鎌倉駅東口からそのまま東へ数十メートル進めば若宮大路だ。駅入口交差点のやや北方に二の鳥居が建ち、そこから北へ有名な段葛が延びる。若宮大路は鶴岡八幡宮の参道で、由比ガ浜から八幡宮までほぼ真っ直ぐに鎌倉の市街地を貫いて延びる。源頼朝は鶴岡八幡宮とその参道である若宮大路を中心に、その周囲に町を造っていったのだという。
その若宮大路の中心部にあるのが段葛だ。段を設けて葛石を並べて造られたことからその名がある。

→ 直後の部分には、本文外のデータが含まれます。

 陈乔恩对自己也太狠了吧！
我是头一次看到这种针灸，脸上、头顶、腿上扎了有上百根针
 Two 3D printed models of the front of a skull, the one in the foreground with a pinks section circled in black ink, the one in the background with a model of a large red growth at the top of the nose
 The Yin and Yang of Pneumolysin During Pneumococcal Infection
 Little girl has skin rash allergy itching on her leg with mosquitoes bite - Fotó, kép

段葛は北条政子が懐妊したとき、安産を祈願して造営されたもので、御家人たちと共に頼朝自らも土石を運んで築いたという。造営された当時の段葛は由比ガ浜の一の鳥居から延びていたということだが、現在は二の鳥居から三の鳥居までの部分を残すのみだ。現在の段葛は若宮大路の真ん中に延びる舗道という佇まいで、両脇の車道を行き交う車を横目にのんびりと散策することができる。段葛は春は桜の名所として知られ、またツツジも見事なものだが、訪れたのは五月の半ば、緑濃い桜の葉に覆われて木漏れ日が美しかった。この段葛、鶴岡八幡宮に近づくにつれて狭く、遠ざかるほど広く造られている。遠近法を利用して実際以上に長い道のように錯覚させようという、軍事的目的があったと言われている。

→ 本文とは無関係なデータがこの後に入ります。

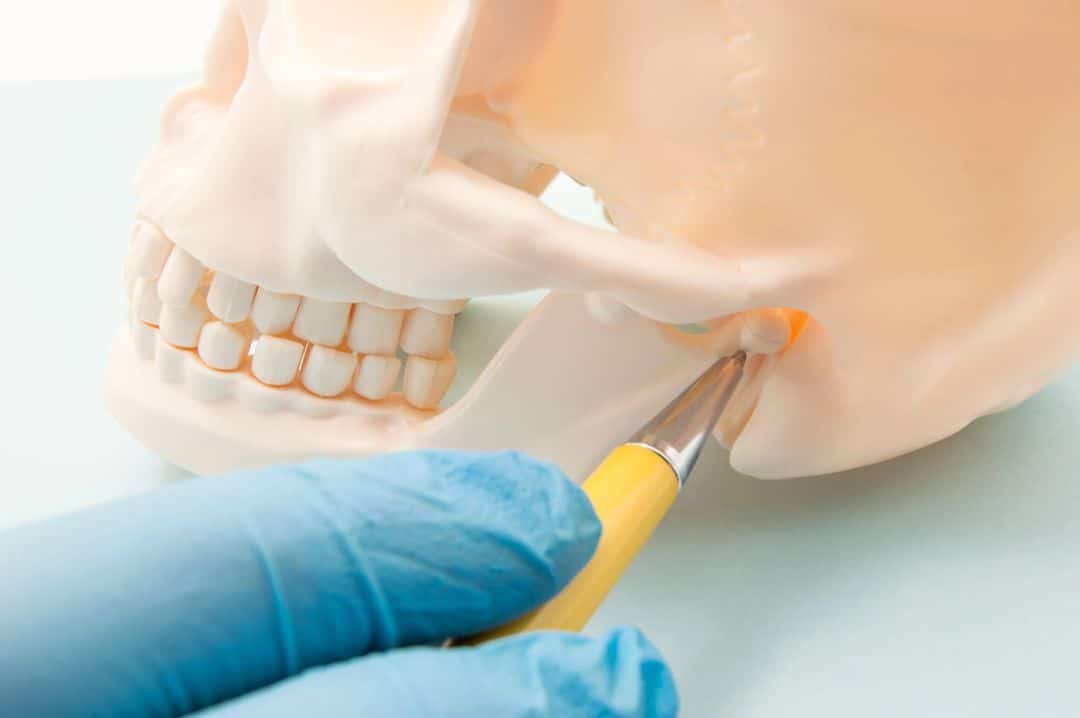 Tmj treatment dental model at Thrive Family Dentistry in Auburn, Alabama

段葛は周囲の石組みが緩んできたことや、桜の樹勢が衰えてきたことから、2014年(平成26年)11月から2016年(平成28年)3月にかけて改修工事が行われ、桜並木は177本の若木へ植え替えられた。改修工事が終了した2016年(平成28年)3月30日には竣工式や「通り初め」などの奉祝行事が執り行われ、歌舞伎役者の中村吉右衛門さんらも参加して大いに賑わったという。
若宮大路の両脇には飲食店や土産物店が建ち並び、行き交う人の姿も多く、いかにも観光地的な賑わいを見せる。建ち並ぶお店の中にはなかなか古そうな建物もあって良い風情だ。